- SUPPLIED DATA

━━━━

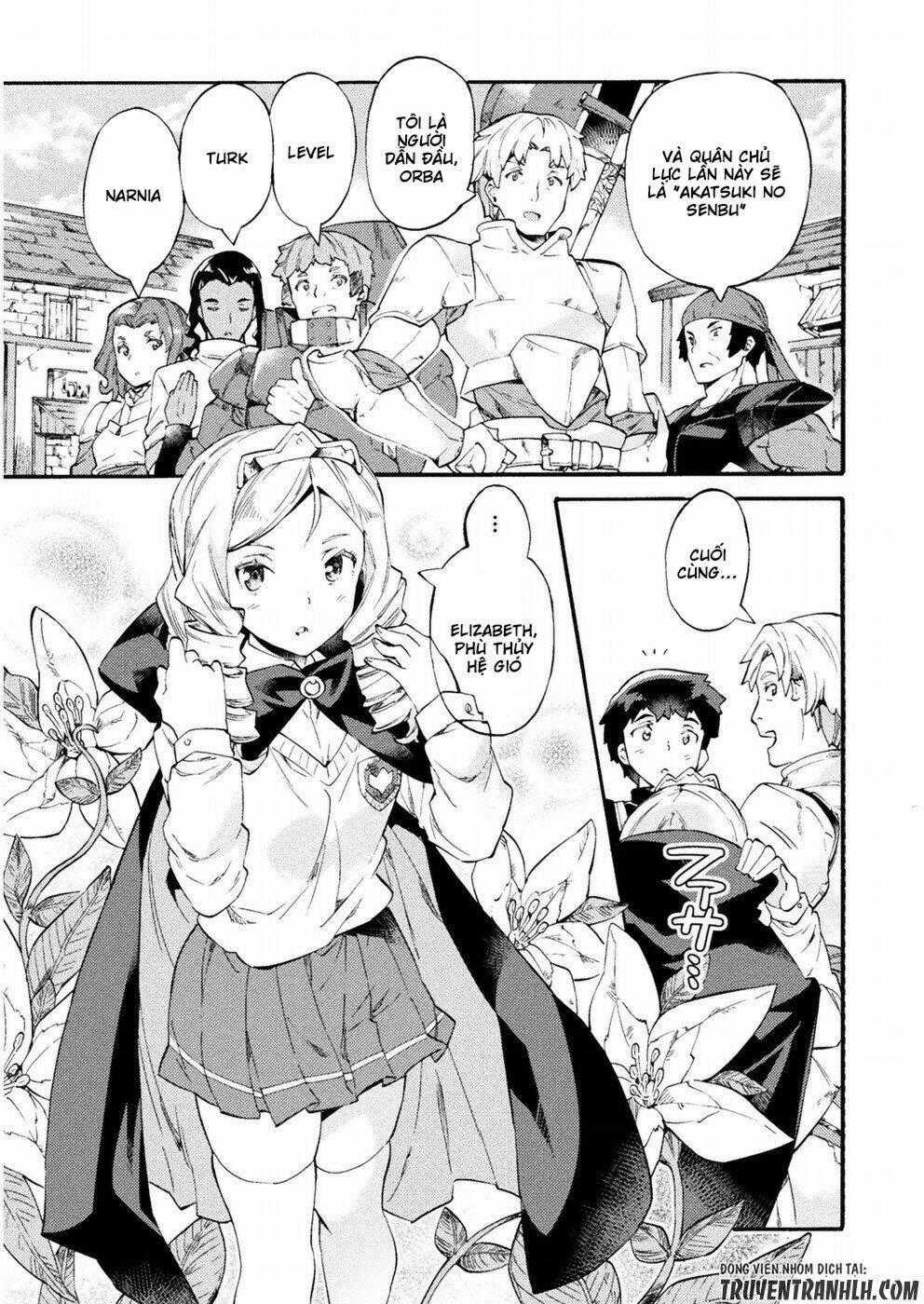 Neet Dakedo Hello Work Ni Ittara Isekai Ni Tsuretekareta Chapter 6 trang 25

━━━━

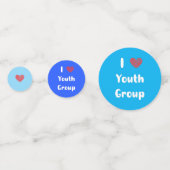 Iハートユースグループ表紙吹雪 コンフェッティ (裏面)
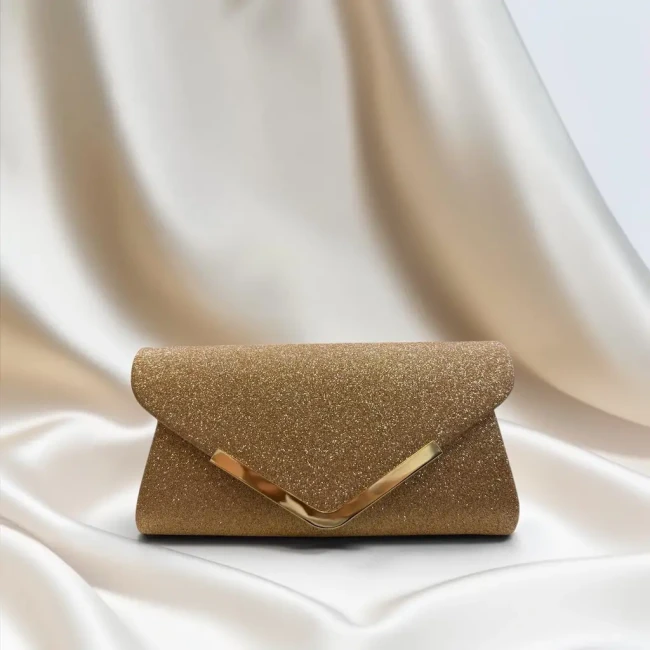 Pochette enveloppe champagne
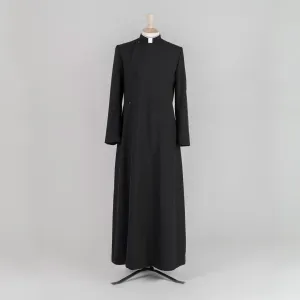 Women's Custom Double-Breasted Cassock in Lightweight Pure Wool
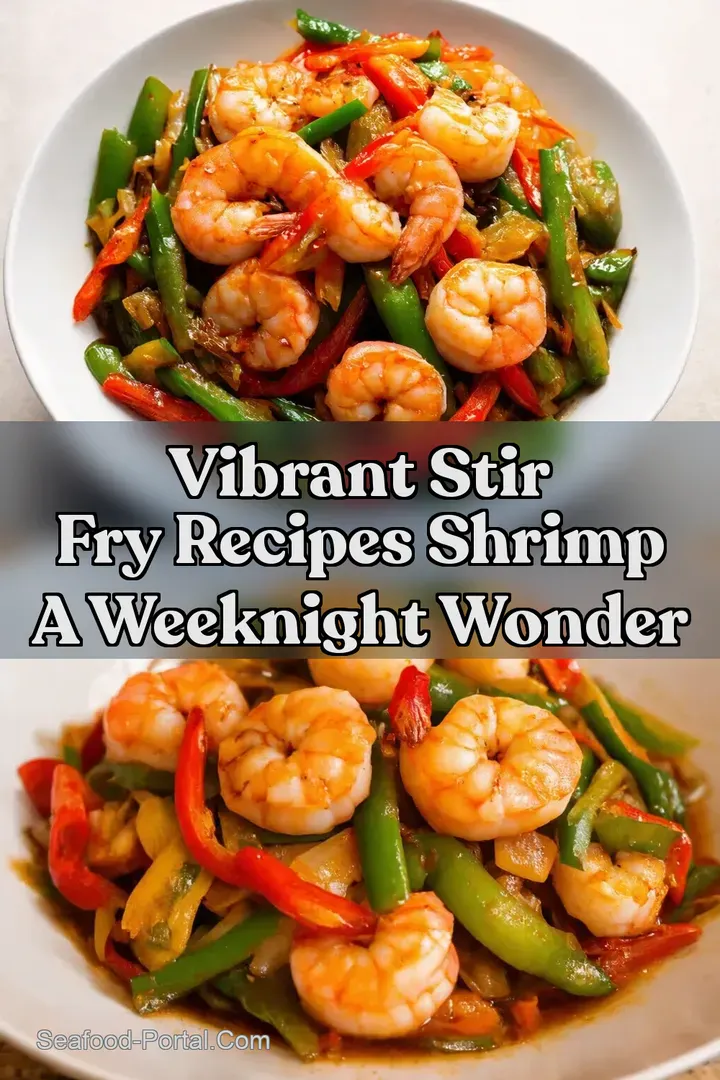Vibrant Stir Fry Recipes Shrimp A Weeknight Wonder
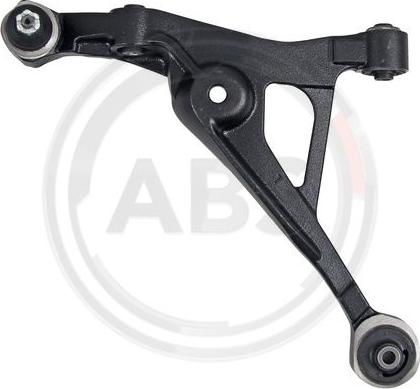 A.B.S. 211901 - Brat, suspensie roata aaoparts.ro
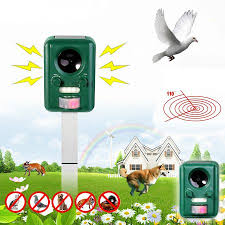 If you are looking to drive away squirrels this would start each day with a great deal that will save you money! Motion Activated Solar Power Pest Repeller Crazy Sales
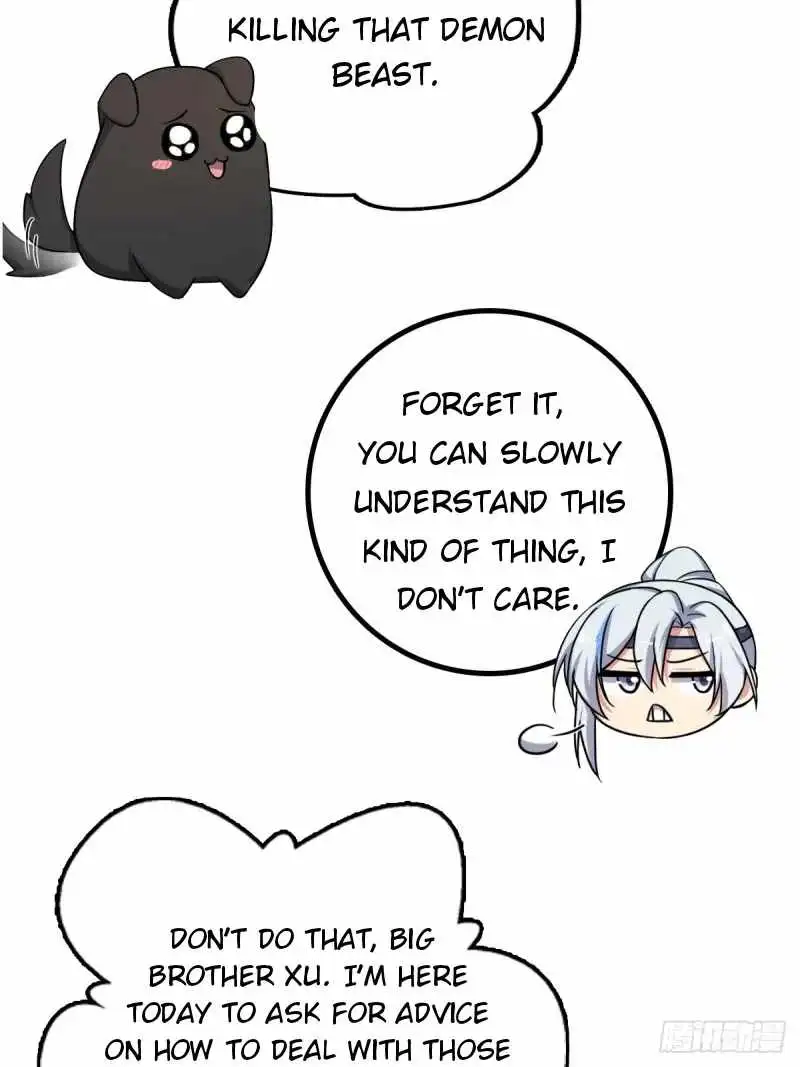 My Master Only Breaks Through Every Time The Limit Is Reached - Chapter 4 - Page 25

━━━━

- WORK TASK
For this exercise, please set down exactly the lines of the listing above from the line with "Women's Custom Double-Breasted" up to and including the line with "A.B.S. 211901 - Brat, suspensie", and no pictures.

- TASK ANSWER
 Women's Custom Double-Breasted Cassock in Lightweight Pure Wool
Vibrant Stir Fry Recipes Shrimp A Weeknight Wonder
 A.B.S. 211901 - Brat, suspensie roata aaoparts.ro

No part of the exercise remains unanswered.